Jorge Fernández Díaz: Mamá

Pablo González BlascoLivros Leave a Comment

Ed. Sudamericana, 2011, 166 págs

Me llega una advertencia familiar -de uno de mis hermanos- que es de donde suelen proceder sugerencias de lectura siempre apetitosas, sobre el reciente premio Nadal, otorgado a Jorge Fernandez Diaz. Y antes de zambullirme en la lectura, consulto la lista de libros pendientes -siempre creciendo, donde tomo nota de los que me interesan, y que sé que no conseguiré leer en esta vida, pero no importa- y resulta que me encuentro con Mamá, otra obra del escritor argentino. Si Marcial, el del secreto y del premio Nadal es su padre, tendré que leer antes lo que cuenta de su madre. En un mano a mano, como en el tango de Gardel, por mantenerse en sintonía porteña.

Y de hecho no me equivoqué. Basta leer lo que el escritor cuenta en el epílogo de las memorias sobre su madre, cuando su hermana Mary dice que se le aparece su padre, que estaba ya muerto hacía tiempo: “Al enterarse de que las luces se encendían solas y también de que Mary soñaba con que mi padre se acodaba en aquella pared, Carmina se vistió rápido, compró unas flores y se dirigió al cementerio. Cambió el agua del florero, colocó las clavelinas, rezó un padrenuestro y dijo ante la lápida: Viejo, no molestes más a los chicos, quédate acá tranquilo. Y a partir de ese momento, los fenómenos paranormales cesaron. Es que mi padre jamás resistió un reto de mi madre”.
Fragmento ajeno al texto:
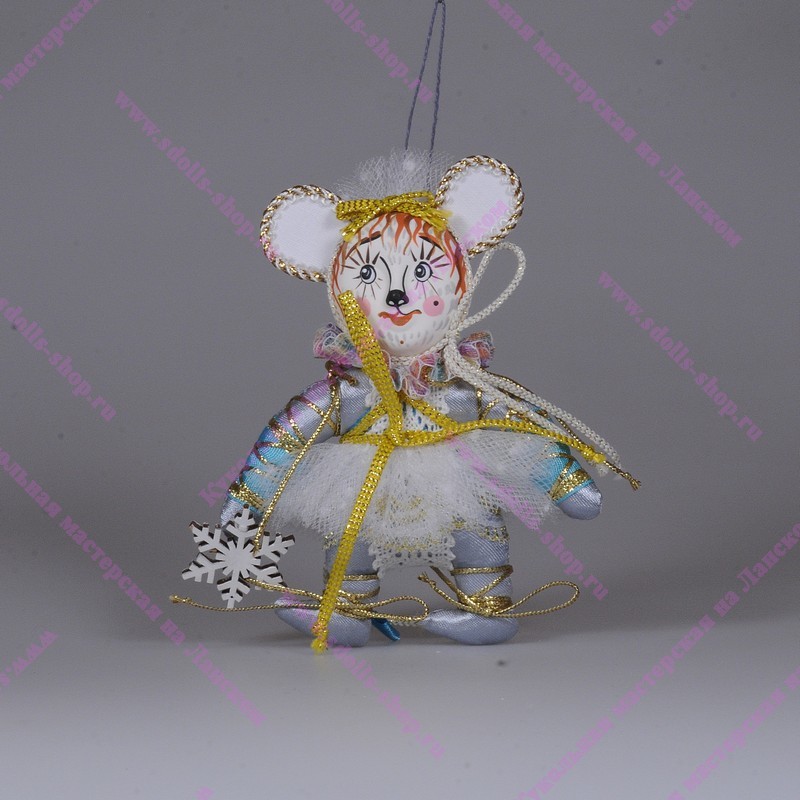 Фарфоровые ёлочная игрушка "мышка со снежинкой"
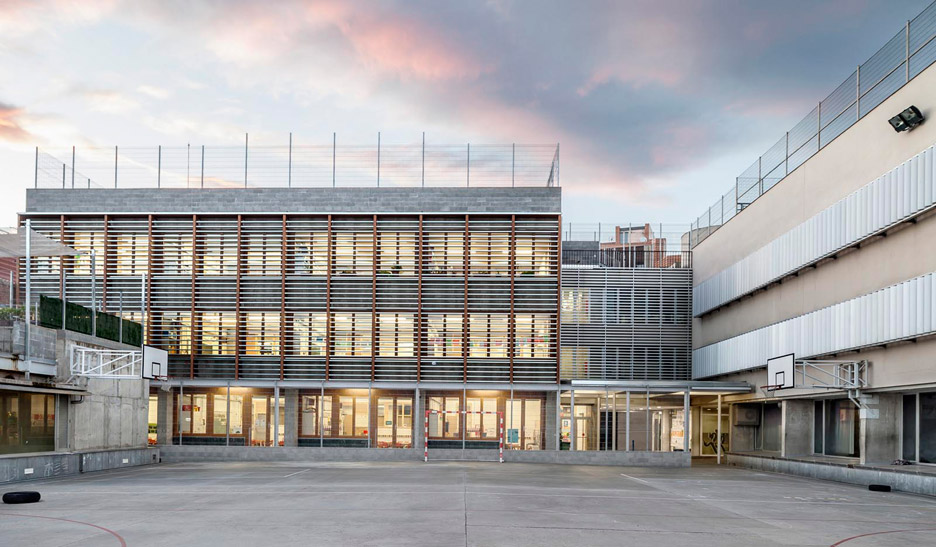 H 建筑事务所用新的外立面升级了 20 世纪 50 年代的学校建筑-32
Empiezo mis comentarios por el final del libro -sin ser spoiler– porque es un intento de entender lo que el escritor argentino, hijo de asturianos emigrantes, cuenta en sus libros, de modo magnífico. Esto dice de su familia materna: “El árbol genealógico de los Díaz se dividía en gozantes y sufrientes. Aunque con matices, los hombres vivieron la utopía del gozo, y las mujeres practicaron el arte del sufrimiento. Los gozantes sabían que la vida era corta y que merecía la pena vivirla sin complejos: eran más alegres y despreocupados. Los sufrientes entendían que la vida era dura y que debían repecharla con esfuerzo, y que serían recompensados luego por Dios o por el destino: eran más tristes y solidarios. Los hombres trataron con ahínco de no parecerse a José, y las mujeres no pudieron dejar de parecerse a María”.
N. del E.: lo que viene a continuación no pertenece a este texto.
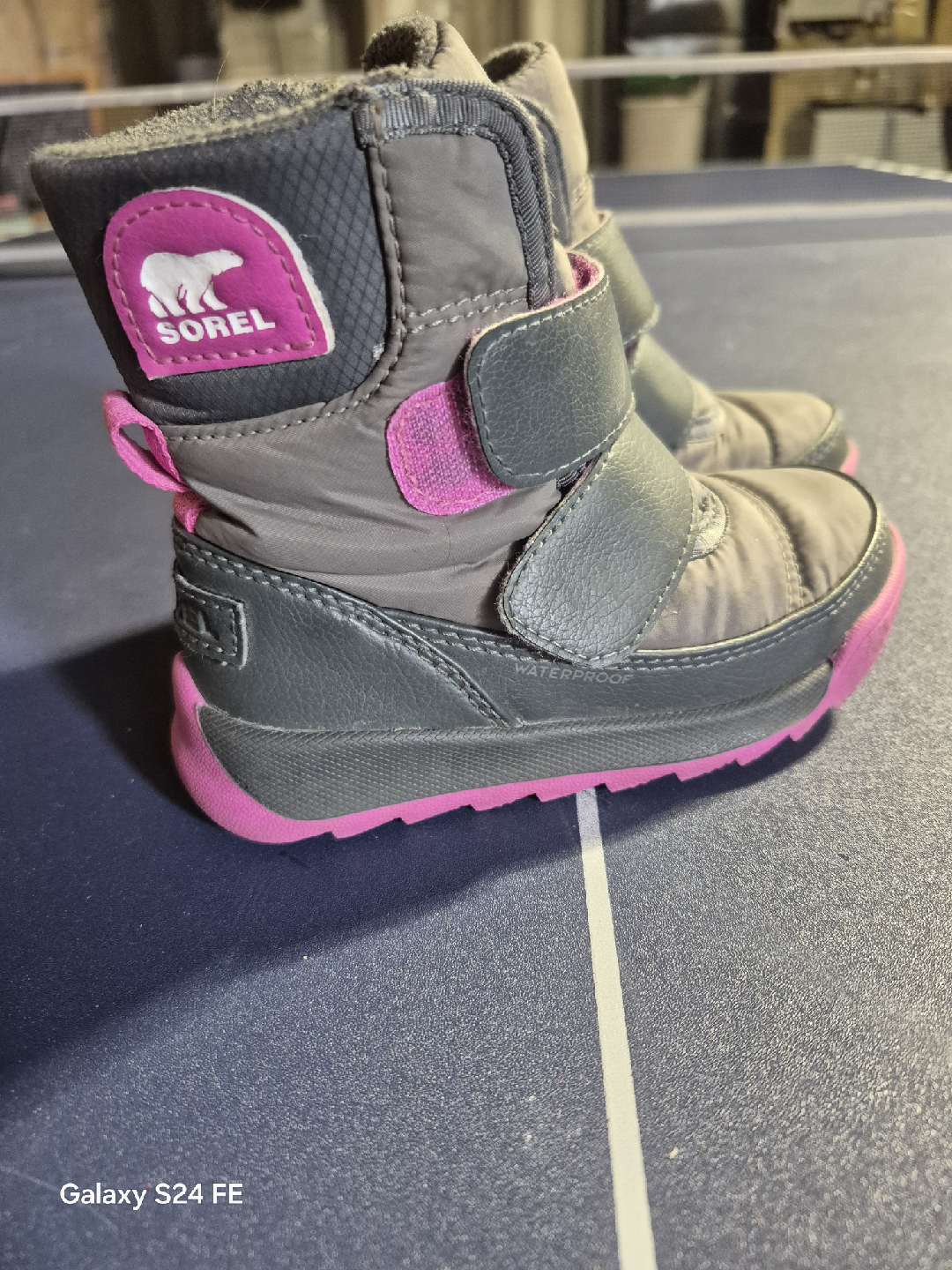 Kids Sorel boots, size 9US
¿Cómo se le ocurre a Fernández Díaz montar una novela -o, mejor, dos- con sus recuerdos familiares? Lo explica con sinceridad en medio del libro: “La realidad, como el folletín, está llena de golpes bajos y lugares comunes. Sé que por pudor ningún novelista serio, ningún obrero de la ficción, contaría las cosas que estoy contando. No estoy contando la pura verdad, sino la verdad contaminada que mi madre narró a su psiquiatra, los monólogos que pude anotar en mi cuaderno, la tradición oral de mi familia y los recuerdos de mi infancia. Trozos descompuestos de verdad, reconstrucción periodística de la vida. Memoria fragmentaria de hechos novelescos y de sentimientos ambiguos; relato verídico de rotos, descosidos y remendados”.
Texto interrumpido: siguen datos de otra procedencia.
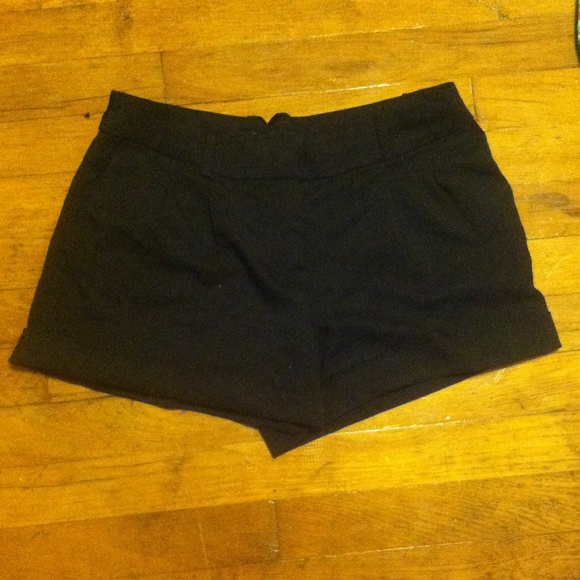 cute choir boy lookin ass shorts in black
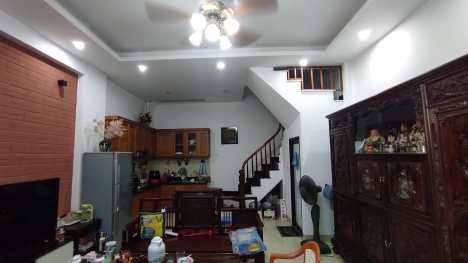Ô tô đỗ cổng, Ngõ Nông, Nhà mới đẹp dân xây, Bán Nhà Ngọc Thụy 45m, 5tầng, 3,5 tỷ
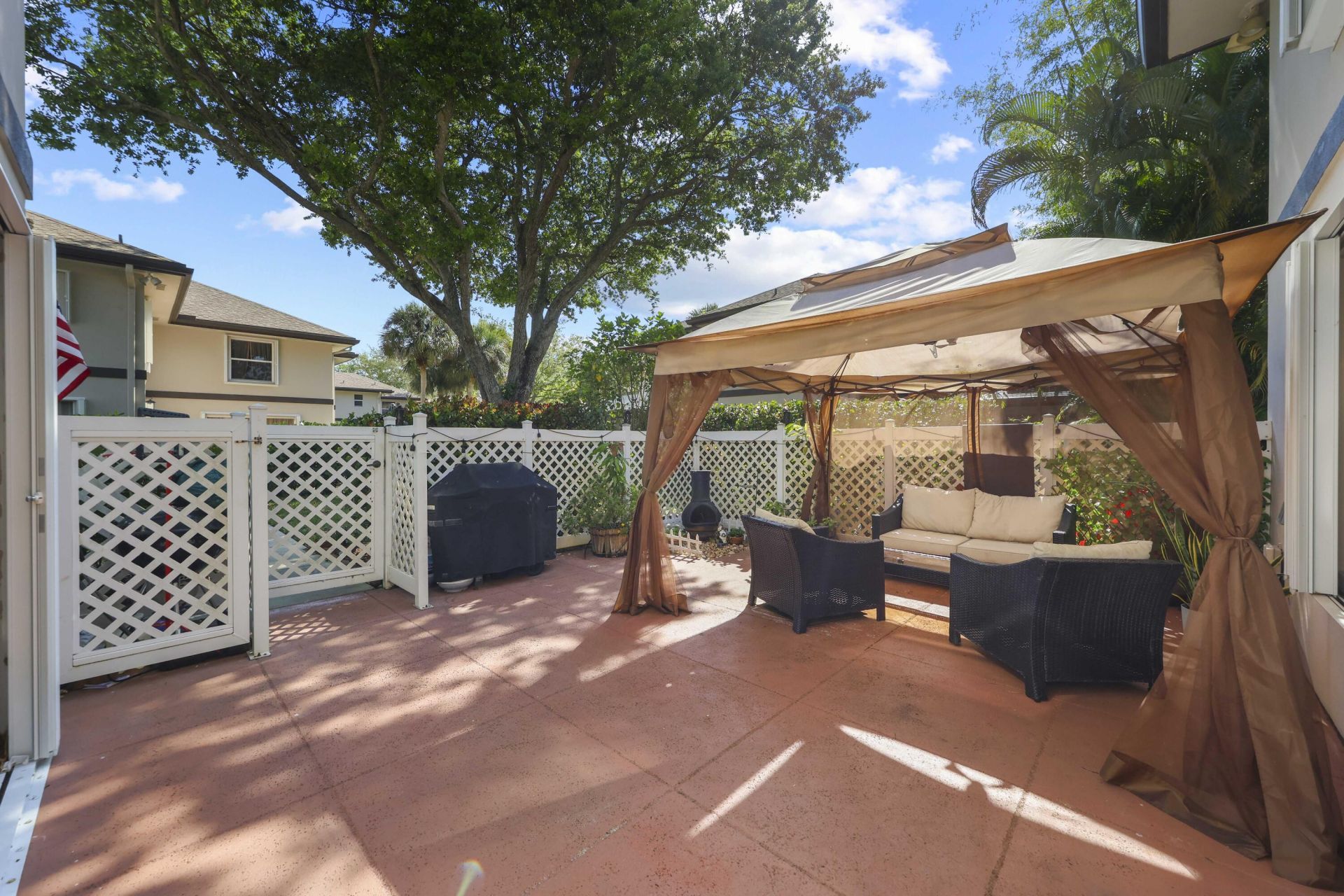 31 Clinton Court, Unit B, Royal Palm Beach, FL 33411 Photo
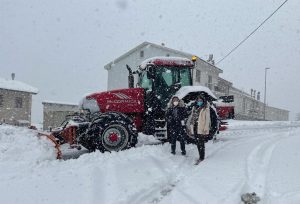 Neve a S.Giovanni in Fiore, scuole chiuse anche domani e sindaco in prima linea nello sgombero stradale 2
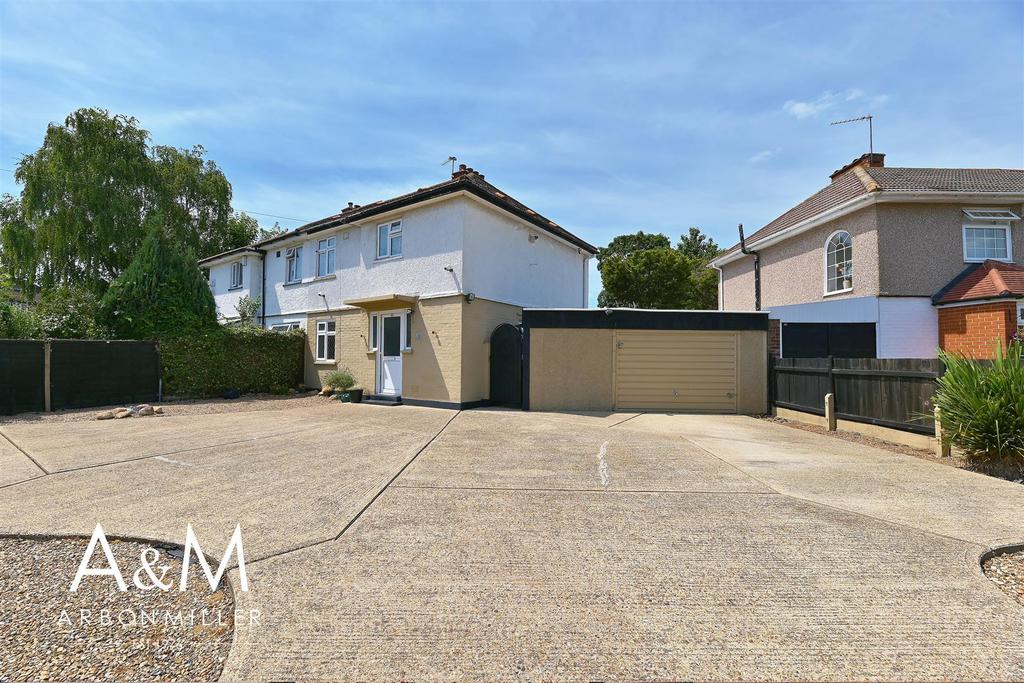 Duke Road, Barkingside 3 bed semidetached house for sale £575,000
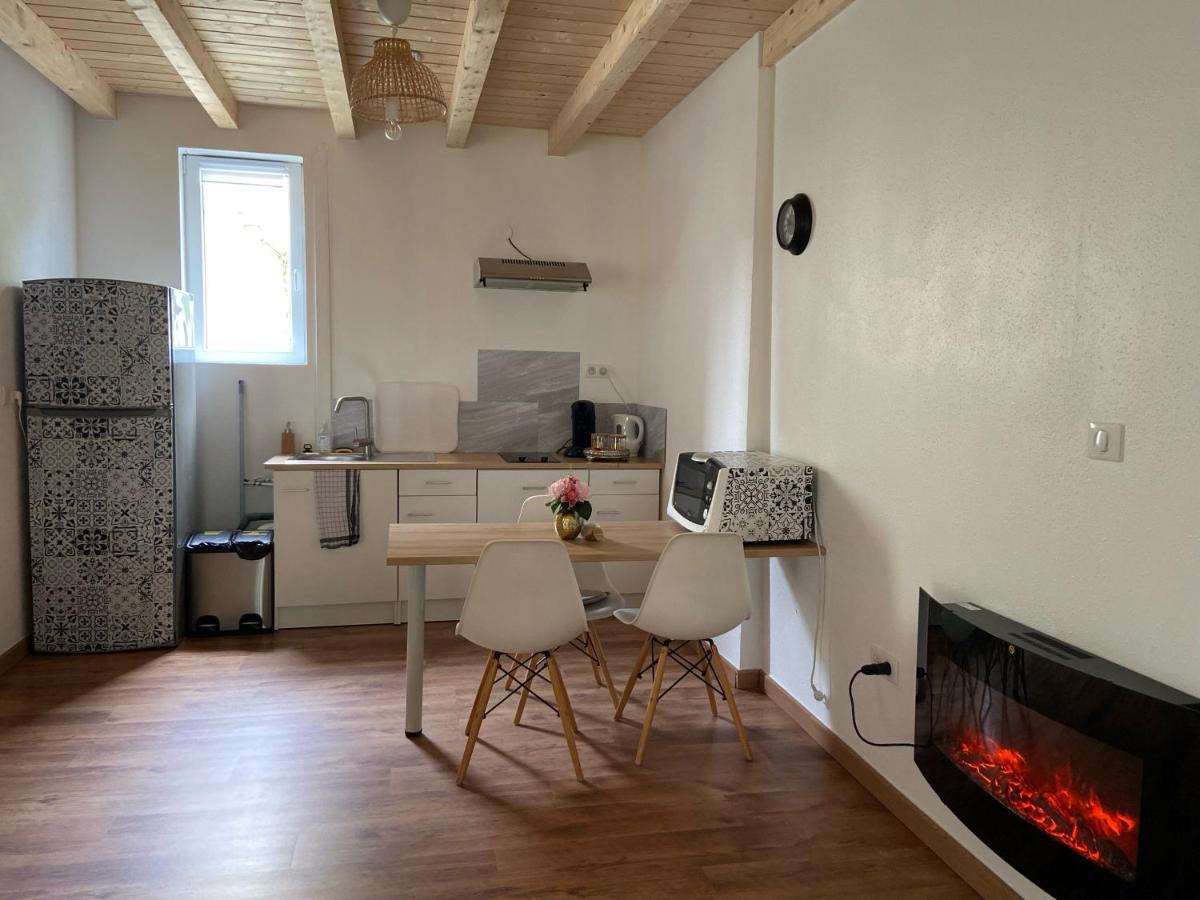 Le Chene: Petit Chalet Cosy Proche De Mulhouse Riedisheim Экстерьер фото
Parece que el arranque fue justamente la consulta de Carmina, su madre ya anciana, con una psiquiatra: “Mamá, superando todos sus prejuicios, permitió que le hicieran una evaluación psicológica y luego que le destinaran a una profesional de mediana edad, a quien le fue relatando semana a semana su pequeña historia. Le recetaron una pastilla milagrosa, que le mejoró el carácter. La depresión fue cediendo y el tratamiento la pulverizó. Pero yo estaba intrigado por saber qué pasaba realmente en el diván. No podía imaginar dos cosas más antagónicas que esa vieja asturiana descreída y aquella sofisticada discípula de Freud. Un día se lo pregunté directamente: ‘La doctora es muy inteligente y muy comprensiva, me respondió con cautela. —¿Y qué te dice cuando vos le contás todas esas calamidades? —A veces se le llenan los ojos de lágrimas. —¿A quién? —me sorprendí, creyendo haber oído mal. Aquella misma tarde compré este cuaderno Rivadavia de hojas cuadriculadas y tapa dura. Y anoté una primera frase: la mujer que hacía llorar a su psiquiatra”.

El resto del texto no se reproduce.